Sunday, January 28, 2018

Lost And Found


  Mid-winter.  Jigsaw puzzle time if you’re a retiree like us in Michigan.  We have four puzzles in our to-do bucket this season including a 1,000-piece challenge puzzle—all kittens and pink flowers.  Very hard.  Ordinarily we can knock out such a puzzle in a couple days.  But this challenge puzzle took us a week.  Then when we finished fitting all the pieces together, we discovered to our dismay we were missing a piece.


   It goes without saying that as we enter our golden years, each day is a lost and found of sorts.  It’s where did I put this or where did I leave that.  Doesn’t help that as you age you accumulate stuff to the point where your home resembles a cross between a museum and a re-sale consignment store.  Stuff is EVERYWHERE.
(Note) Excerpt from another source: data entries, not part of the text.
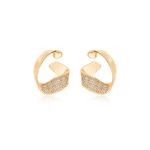 34538-brinco-curvo-aberto-cravejado-banho-ouro-18k-rosa-valverde-semijoias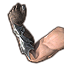 ON-icon-armor-Gloves-Waking Flame.png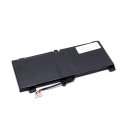 Asus GL504G batterij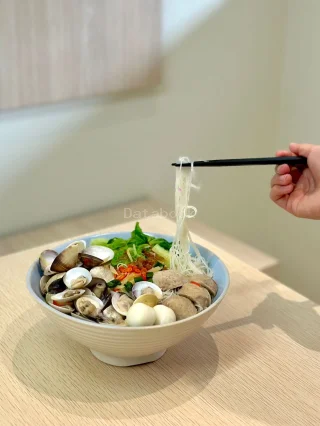 Stage Station | Databook Malaysia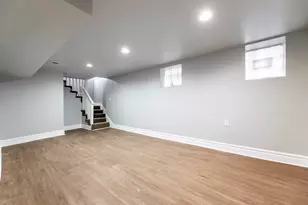 7917 S Ellis Ave, Chicago, IL 60619 - Photo 12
     But a puzzle piece?  We did move the puzzle from one room to another to make space on our kitchen table for dinner and guests but still an errant jigsaw puzzle piece should stand out on the floor or the carpet.  This one didn’t.  I checked nooks, crannies, under furniture . . . anywhere I thought a piece might have fallen.  No luck.

    This wasn’t the first thing to go missing this week either.  We’re planning an Alaska trip for 2018 and I had a collection of trip documents stored away.  But stored where?  I knew I had moved them from the usual spot next to my computer as the computer had to be moved to accommodate guests over the holidays.

     But when the holidays were over and normality returned, the trip documents didn’t.  I checked every closet, drawer and storage bin in every room of the house.  My wife suggested I even try checking our cars, thinking somehow they got left in there.  Finally, I moved some poster frames that had been resting against a bookcase in the basement and there sat a plastic bag with the documents.  It’d taken me a day to find them.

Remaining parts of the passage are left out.